*SUPPLIED MATERIAL*.

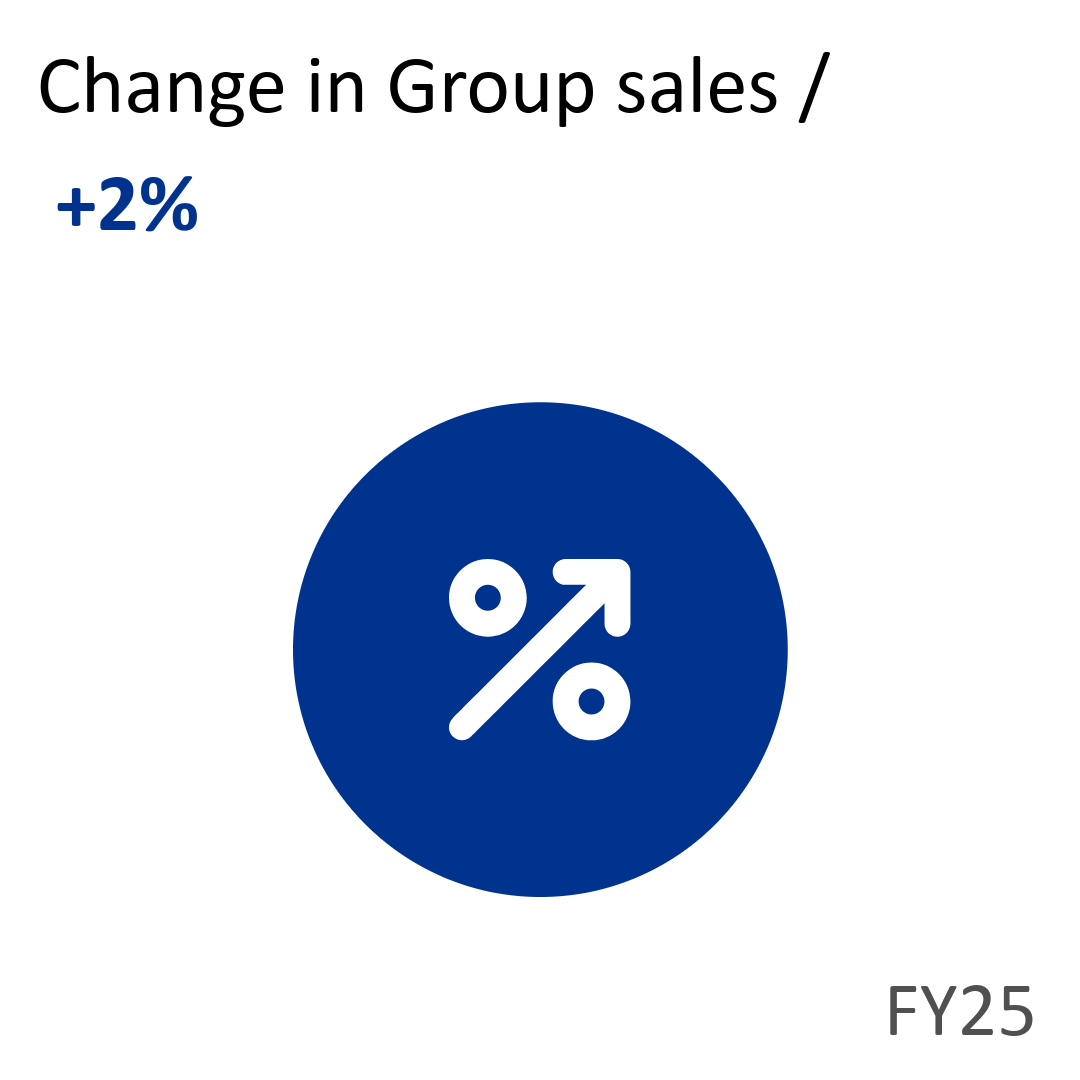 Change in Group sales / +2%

--

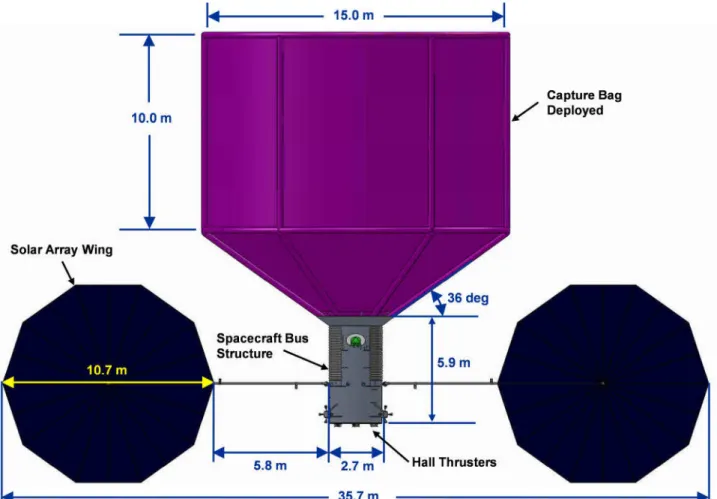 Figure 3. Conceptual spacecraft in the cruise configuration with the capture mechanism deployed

* * *

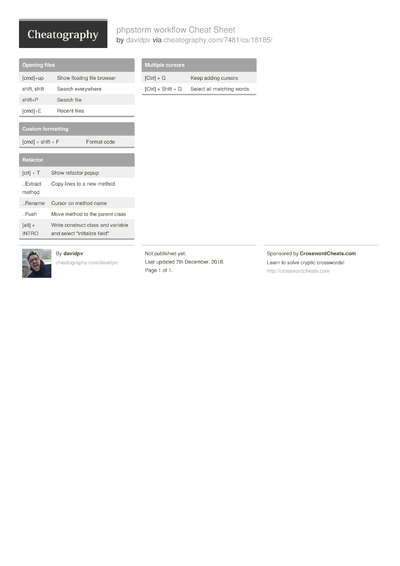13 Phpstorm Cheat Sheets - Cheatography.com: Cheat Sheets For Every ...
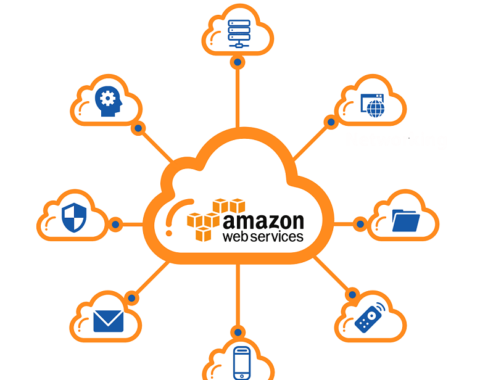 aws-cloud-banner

*WHAT YOU HAVE TO DO*. Exactly as written above, retype the lines starting at the one holding "13 Phpstorm Cheat" and ending at the one holding "aws-cloud-banner", both included, but not the pictures.

*THE ANSWER*.
13 Phpstorm Cheat Sheets - Cheatography.com: Cheat Sheets For Every ...
 aws-cloud-banner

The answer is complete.